As I shared in the meeting, I found that question insulting and a distraction from the systemic nature of the issues we are dealing with in this community and nation. To ask community members and activists, who have been working for something as simple as basic oversight and accountability of our police for easily 30 years, to put their differences aside and say some nice things struck me as patronizing and displayed the absolute ignorance that the DOJ, the Mayor, and the SPD hold about the level of mistrust and betrayal that this city feels. That we passed Prop. 1, including independent investigative authority, racial equity measures and more, with a 70% yes vote (an absolute political rarity!) speaks to how much this is not a fringe issue in Spokane.
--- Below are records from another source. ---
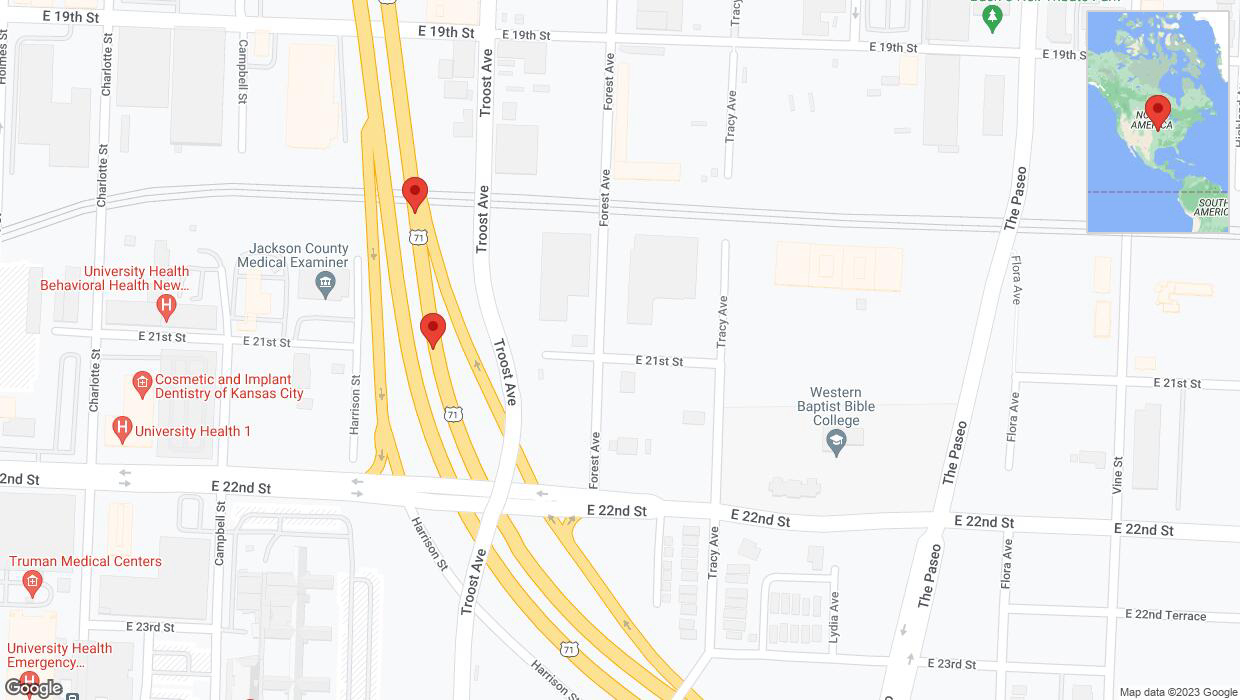 A detailed map that shows the affected road due to 'Broken down vehicle on northbound US-71 in Kansas City' on November 1st at 5 p.m.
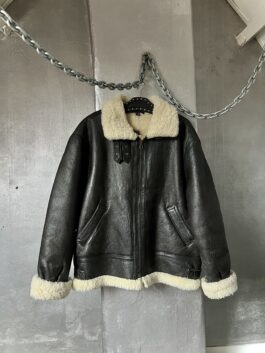 Vintage oversized real leather aviator shearling coat brown/black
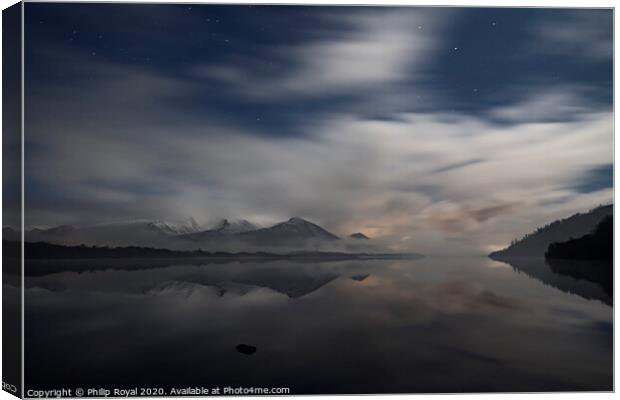 Bassenthwaite and Skiddaw on a Winter Night, LDNP  Canvas Print by Philip Royal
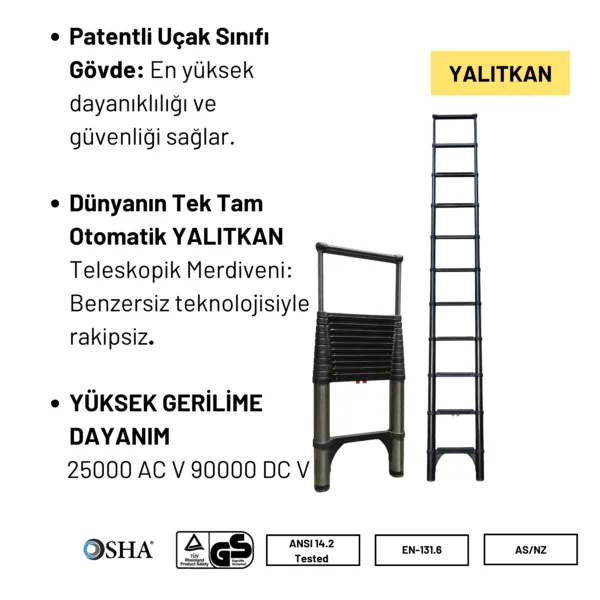 3.2m Kevlar Yalıtkan Uzatma Teleskopik Merdiven AC25KV - 1400EKP - Görsel 4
And while the actual structural progress in this fight has been discouraging, and slow, and tedious, and frustrating, particularly as we have a zero faith partner in the Mayor’s office, I still felt a slight sliver of hope at this forum.

I expect that the SPD, and the Mayor’s office, and the DOJ imagined that we would be more tired by now. That we would see their report and trust that small steps, without actual independent oversight, were enough. That we would hear stories of sexual assault of female officers, inappropriate sexual relationships by officers with victims of domestic violence, harassment, and assume in their favor that it was a case of a few bad apples and not a serious cultural problem to audit. That we would fail to notice that the Assistant Chief is one of the officers who stood and saluted Karl Thompson at his sentencing after his brutal beating of Otto Zehm, ten years ago this week. That we would accept the racially skewed police contact statistics in our city, despite its overall whiteness, as perhaps justified. That we would accept that nonfactual and racially biased analysis coming from Jim McDevitt himself, and that after his fellow PLAC members pointed it out, that the Mayor would not remove him from the process, but rather, hire him. Well, we didn’t. And people did not leave that meeting happy. We are not done here and I believe that every meeting, rally, and forum hereafter will only have more people who desire a police department we can trust in attendance. I’d like to challenge our members to help make that true as these processes continue. Mayor Condon may have been asleep at the wheel when he hired Frank Straub despite his clearly checkered record, but this community is wide awake and we have our eyes on this process. We are not going anywhere.

My favorite moment came near the end of the meeting. I had been standing near the door, near a man whose role I don’t know (I don’t know whether he was a cop because I missed the moment when plainclothes officers were asked to identify themselves), but who was one of the few in the room who did not raise his hand when a member of the audience asked whether people acknowledged the reality of white male privilege in our society. A well known African American female activist entered the door and non-verbally greeted three to four other people of color in her immediate proximity, with head nods and small waves. They waved and nodded back. I watched this man, directly behind her, track all of these interactions like a tennis match, the alarm growing visibly on his face. Then, just before she sat down, she smiled and waved at me. And I waved back, and I like to imagine that the look dawning on his face was one of the understanding that our communities are connecting more than ever over this issue, and the real threat to power that those relationships represent. His surprise and mild terror at that is, on some level, echoed by the SPD and the Mayor. Otherwise, they wouldn’t have felt the pressure to attend such a forum in the first place. They wouldn’t have scrambled to smooth things over at all. And as of now, things are still not smooth. Building trust is going to take much more than a few meetings, but a genuine process of accountability and reckoning with conditions in this city regarding race, policing, and power.